What is a cemented fracture ?
A fracture that now contains a mineral fill or cement. When fluids travel along fractures, cements can precipitate out into the fractures. Calcite is a common fracture cement (Fig. 1) but many minerals form cements. For example, fluorite can be found within the deformation bands in Fig 2 (a) and anhydrite fills the lowermost fracture in Fig 2 (b).
http://www.ogilviegeoscience.co.uk/blog/2022/12/4/natural-vs-induced-fractures-in-rock-core
Fig. 1. Calcite cemented fracture in limestone, Kilve Pill, Somerset, UK. Looking at one of the fracture walls - the other side has been removed by erosion.
Fig 2. (a) Fluorite cemented fracture network in the Permian Hopeman Sandstone, UK. (b) Deformation bands in Rotliegende sandstone from the Southern North Sea. The lowermost (thickest) fracture has been reactivated and cemented by anhydrite.
What are the consequences of a completely “filled” fracture ?
Most likely it will impede flow and hinder the productivety of a fracture network, as the permeability and storage capacity (porosity) is significantly reduced.
What about a partially cemented fracture ?
The fractures (in sandstone) from the Clair Field (West of Shetland, UK) in Fig. 3 appear to have some cement i.e., they are partially filled. In areas of the field, this has been beneficial in preserving fracture aperture during hydrocarbon production. Otherwise, the fractures may close.
Fig. 3. Fractured sandstones from the Clair Field, West of Shetland, UK (From Barr et al. 2005). Note the partial fill on the right hand most fracture in (b).
Further examples of partially filled fractures are given in Fig. 4. Sometimes the aperture is obvious (Fig 4a) other times we can just pinpricks along the extent of the fracture (Fig 4b).
Fig. 4. (a) Partially open fracture in dolomite, Middle East (b) partially open fracture in sandstone core
This together with fracture surface roughness (where asperities can prop open the fracture even as the normal stress increases) may explain why pressure drawdown does not always result in closed fractures. If the fracture is reactivated, these asperities may collapse (depending upon the rock) and new points of contact taken up, creating new apertures. In strong rocks such as igneous rocks (e.g. granite) these asperities will be less likely to collapse.
Can we see partially filled fractures on image logs ?
Yes, but it is valuable to have a core calibration for any image log interpretation. On the image on Fig. 5, note how the aperture appears to be thickest at [1] but thins towards [2]. This could indicate a partially filled fracture.

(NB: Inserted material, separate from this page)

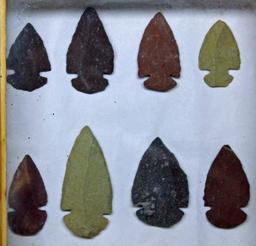 (2) Small Shadowboxes w/ Native American Indian Arrowheads, Glued to Paper, 6"x6" and 6"x8"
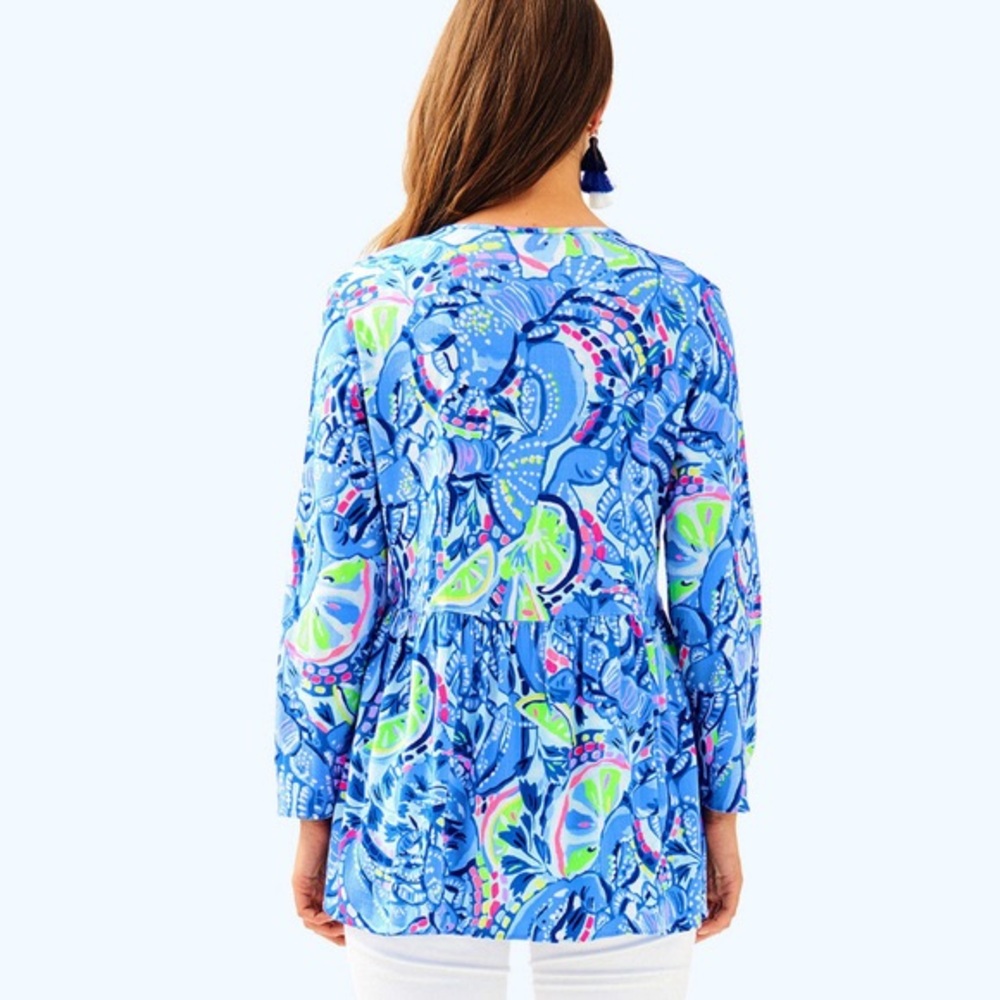 LILLY PULITZER Lyndsea Tunic Blue Peri Pinch Pinch XXS Style# 29175 - Picture 4 of 11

Rock core in this well would be most useful to calibrate this interpretation i.e., can we pick the same structure in core that is demonstrably a partially filled fracture or perhaps the fact that partially filled fractures dominate the core is sufficient calibration.
Fig 5. Electrical Resistivety image where a partially open fracture is interpreted.
In conclusion..
Cemented fractures will usually impede fluid flow in a hydrocarbon or geothermal reservoir and would likely negatively impact production. However, a small amount of cement can act as a natural propant, keeping fractures open during production and is therefore beneficial to the field development. These are most confidently identified on core and it is valuable to use core (if available) to calibrate image log interpretations.
References
Barr, D, Savory, K.E., Fowler, S.R, Arman, K, McGarrity, J.P. 2005. Pre-development fracure modelling in the Clair Field, west of Shetland. From Lonergan, L, Jolly, R.J.H, Rawnsley, K and Sanderson, D.J. (eds) Fractured Reservoirs. Geological Society Special Publications, 270, 205 - 225.